In 1933 Willuhn joined the Reich Chancellery as a ministerial advisor . At the funeral service for Paul von Hindenburg in the Tannenberg Memorial on August 7, 1934, he took part as an official guest. When it came to the continuation of the student associations in 1935 , Willuhn was at the side of State Secretary Hans Heinrich Lammers . In 1937 he joined the NSDAP and in the same year was appointed Reich Cabinet Councilor, responsible for the areas of economy and transport. He and Johannes Popitz saved his corps brother Rolf Grabower from being deported to an extermination camp.

On April 21, 1945 Willuhn received the delegation to Grand Admiral Karl Dönitz in Plön . Since he did not take part in the Dönitz government's move to Flensburg - Mürwik , he escaped being arrested there. In 1948 he was summoned to witness the Nuremberg trials for a long time .
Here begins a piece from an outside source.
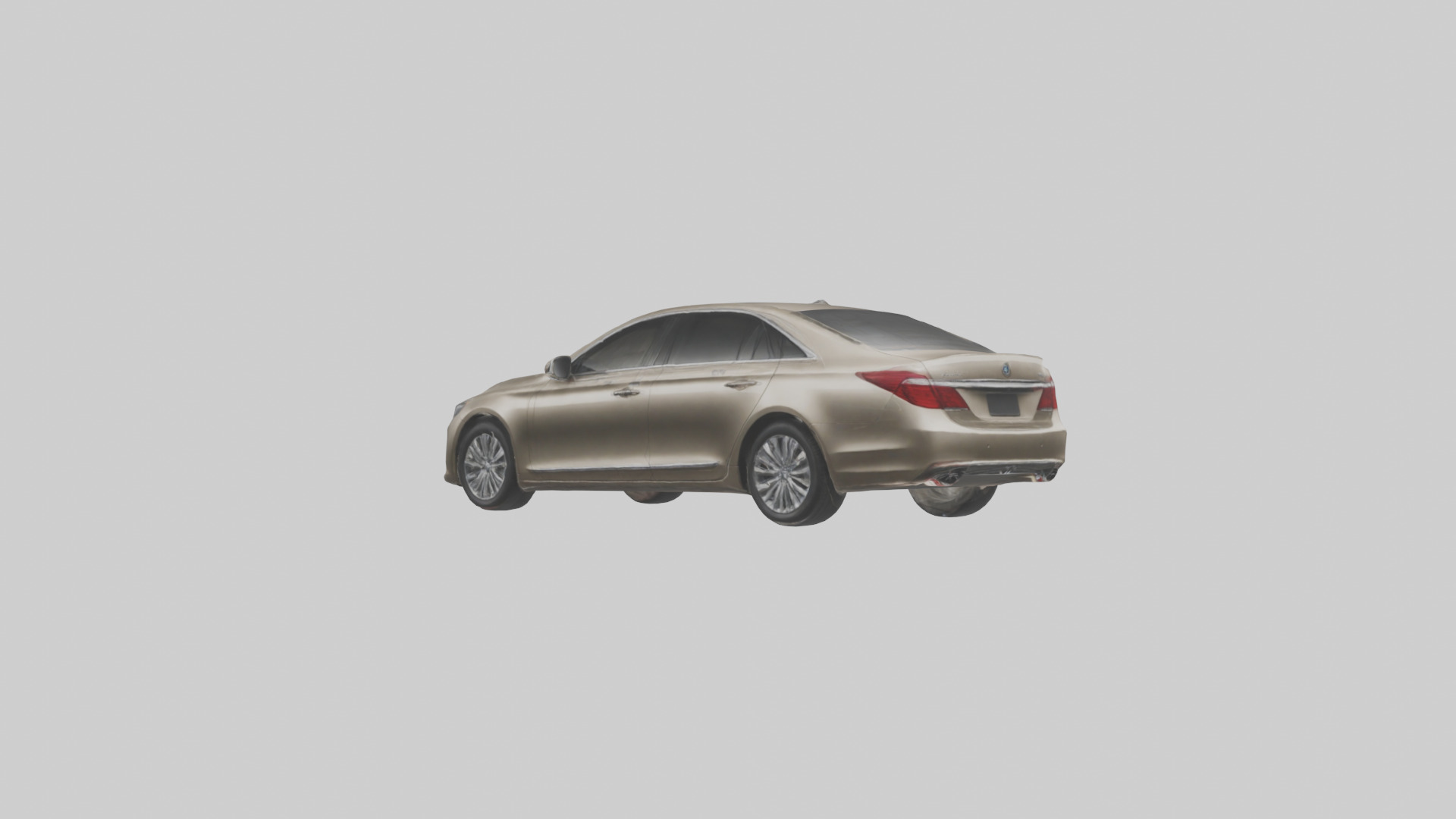 Luxury Touring Sedan model Low-poly 3D model_1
The family archive in Willuhn's house in Schlachtensee was taken over by the commander of the American sector in Berlin .

New beginning

Since the late summer of 1945 Willuhn worked in the Milsper Gustav Wirth OHG, hammer mill, rolling mill and drop forge . It had two subsidiaries, the Ostdeutsche Maschinenfabrik Rud. Wermke AG in Heiligenbeil , where Willuhn sat on the supervisory board, was destroyed in 1945. The other subsidiary is today's INDAG Maschinenbau GmbH in Borsfleth near Glückstadt. When the Milsper factory closed in 1956 because of a lack of sales, Willuhn took care of the liquidation.
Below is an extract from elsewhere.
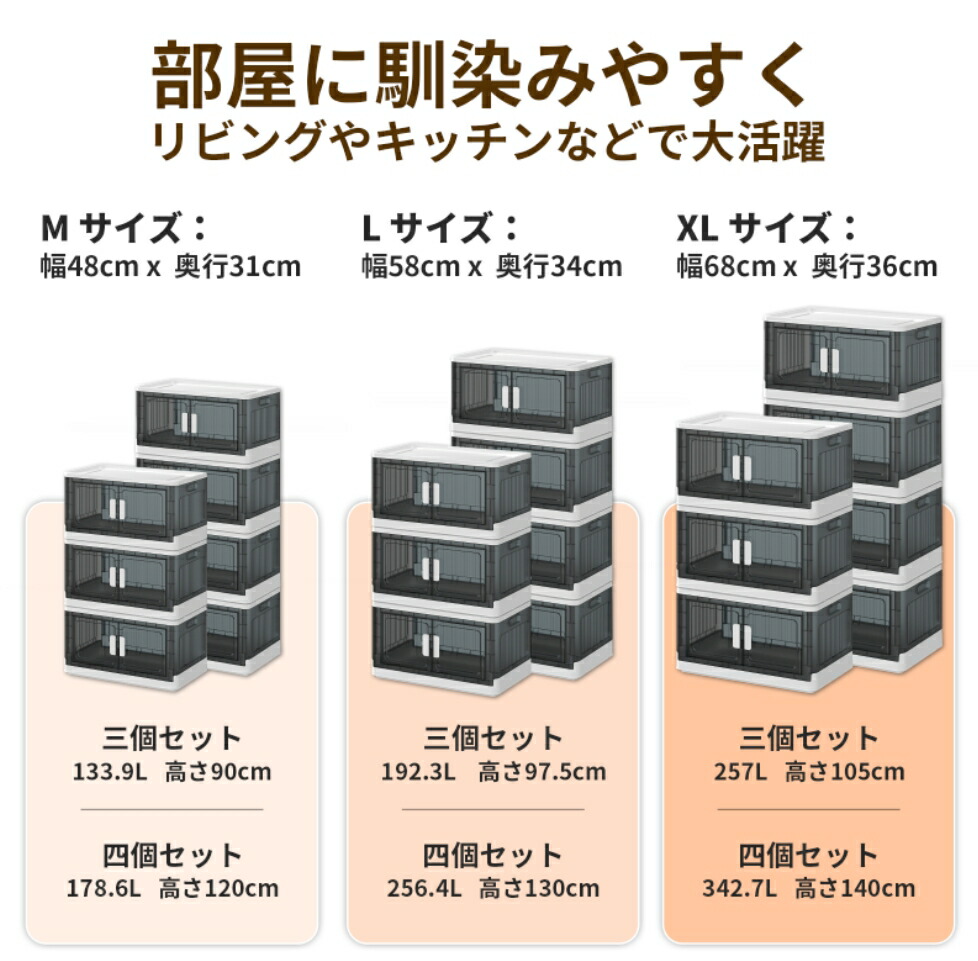 楽天市場】【3/3 SS応援☆最安値】COOSOT 収納ケース 大容量 蓋付き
Willuhn died in a diabetic coma without knowing about his illness. He left two sons who took part in World War II . One was the smeltery director at Klöckner in Bremen. The other is a lawyer and owner of INDAG Maschinenbau Borsfleth .

Web links

Individual evidence

  1. Dissertation: Liability for the costs of medical treatment of a minor without the will of the parental authority in accordance with the rights of the German Civil Code .
  2. Kösener Corpslisten 1960, 87/974
  3. ^ List of all members of the Corps Masovia 1823 to 2005 . Potsdam 2006
  4. ^ Dietrich Willuhn, 2011
  5. ^ Dieter Rebentisch: Hitler's Reich Chancellery between Politics and Administration. In: Dieter Rebentisch and Karl Teppe (eds.): Administration versus leadership in the state of Hitler: Studies on the political-administrative system . Vandenhoeck and Ruprecht, Göttingen 1986, p. 78.
  6. H.-H. Müller-Dieckert: Obituary for Franz Willuhn . Corps newspaper of the Altmärker-Masuren 64, p. 1659 f.